KEYWORDS: Gegen Qinlian decoction, Type-2 diabetes mellitus, Dietary management, Metabolic syndrome
INTRODUCTION
Metabolic syndrome (MetS) is characterized by a clustering of metabolic abnormalities, including impaired glucose tolerance, dyslipidemia, abdominal obesity and/or hypertension.1 It is an important risk factor for cardiovascular disease and Type-2 diabetes mellitus (T2DM).1,2 Studies show that T2DM combined with MetS is associated with high clinical risk that may seriously affect physical and mental health of patients and their overall quality of life.2,3 Currently, measures such as insulin injections, oral hypoglycemic drugs, antiplatelet aggregation drugs, and blood lipid regulators are commonly used for managing patients with T2DM and MetS (T2DM MetS).3,4 These measures can alleviate clinical symptoms to a certain extent, but the overall effect is suboptimal.2,4,5 In addition to pharmacological agents, dietary management is also an important way of managing T2DM with MetS.6
Traditional Chinese medicine (TCM) categorizes T2DM into the category of “thirst quenching”, and suggests that the onset of the disease is caused by internal and external factors that cause damage to the spleen and stomach, leading to dereliction of spleen and stomach transportation, accumulation of heat and internal storage, and consumption of fluids that damage the body.7,8 Gegen Qinlian decoction (GQD) is a commonly used formula for treating T2DM in TCM. It can detoxify and clear heat, can alleviate oxidation, has an anti-inflammatory effect, and regulates blood lipids and blood glucose.9
Though substantial studies have investigated the effect of Gegen Qinlian decoction for T2DM, but to the best of our knowledge, no study have investigated the combination of GQD and dietary management on patients with T2DM and metabolic syndrome.
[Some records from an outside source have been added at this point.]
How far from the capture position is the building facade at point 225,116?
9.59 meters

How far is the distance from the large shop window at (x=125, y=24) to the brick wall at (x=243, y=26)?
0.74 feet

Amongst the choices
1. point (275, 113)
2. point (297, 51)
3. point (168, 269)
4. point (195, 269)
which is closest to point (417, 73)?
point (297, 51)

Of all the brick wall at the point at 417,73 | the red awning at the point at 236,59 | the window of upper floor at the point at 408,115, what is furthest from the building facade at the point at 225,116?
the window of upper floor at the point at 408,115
In recent years, our hospital has adopted a combination of GQD and dietary management regimen as addition to conventional pharmacological agents to treat patients with T2DM MetS. This study aimed to analyze the treatment status of patients, and to clarify the therapeutic value of GQD combined with dietary management plan.
METHODS
A total of 102 patients with T2DM MetS (53 males and 49 females), admitted to the Brain Hospital of Hunan Province from April 2020 to February 2023, were retrospectively selected. A total of 49 patients received conventional Western medicine treatment and were set as the control group, while 53 patients received a combination of GQD and dietary management on the basis of conventional drugs, and were designated as the observation group.
Ethical approval
The ethics committee of Brain Hospital of Hunan Province approved this study on July 31, 2023, No. 2021-031.
Inclusion criteria:
Exclusion criteria:
Patients with ketoacidosis and other diabetes related complications
Lactating or pregnant women.
Patients with Type-1 diabetes mellitus.
Patients with malignant tumors.
Patients with organic lesions such as gastrointestinal and renal liver.
Patients with autoimmune, hematopoietic system and infectious diseases.
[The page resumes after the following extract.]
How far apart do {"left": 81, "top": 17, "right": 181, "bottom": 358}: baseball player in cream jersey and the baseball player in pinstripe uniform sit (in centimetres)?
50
Patients with mental system disorders.
Treatment methods
Patients in the control group received conventional medication treatment, while the patients in the observation group received GQD combined with dietary management on the basis of conventional drug treatment.
Conventional medication treatment
After admission, all patients were given health education (including basic understanding of the diseases, smoking cessation and alcohol restriction, exercise guidance, dietary guidance, etc.), as well as lipid-lowering and antihypertensive measures. Symptomatic treatment included atorvastatin (Pfizer Pharmaceuticals, 20 mg/tablet, one tablet per day) and metformin (Beijing Jingfeng Pharmaceutical Group Co., Ltd.; 0.5g/tablet, three doses per day, 0.5 g/dose).
GQD
Dosage of each ingredients: Scutellaria baicalensis 22.5 g, Coptis chinensis 22.5 g, Pueraria lobata 60 g, 3.5 g of dried ginger, and one gram of raw licorice. The decoction was diluted in water in the Chinese Medicine Department of our hospital, and divided into portions, with a total of 200mL per portion. Patients took the decoction twice a day, once in the morning and once in the evening, 200mL each time.
Dietary management
Dedicated nursing staff conducted dietary health assessments on patients and established personal records; Food exchange method dietary software (Shenzhen Jianyue Life Technology Co., Ltd., China) was used to analyze patient’s personal information, and personalized calorie charts were developed based on the patient’s height, body mass, work nature, etc. Patients selected menu options provided by the software to achieve a reasonable combination of three meals a day. Nursing staff who have received professional training participated in educating and transferring disease-related knowledge to patients or guardians. Simple cooking tips guidance was provided for the selected recipes. Daily diet choices made by patients were recorded and printed out. Patient were instructed to continue eating according to the software-provided guidelines after the discharge.) After the discharge, patients were followed-up by telephone and WeChat.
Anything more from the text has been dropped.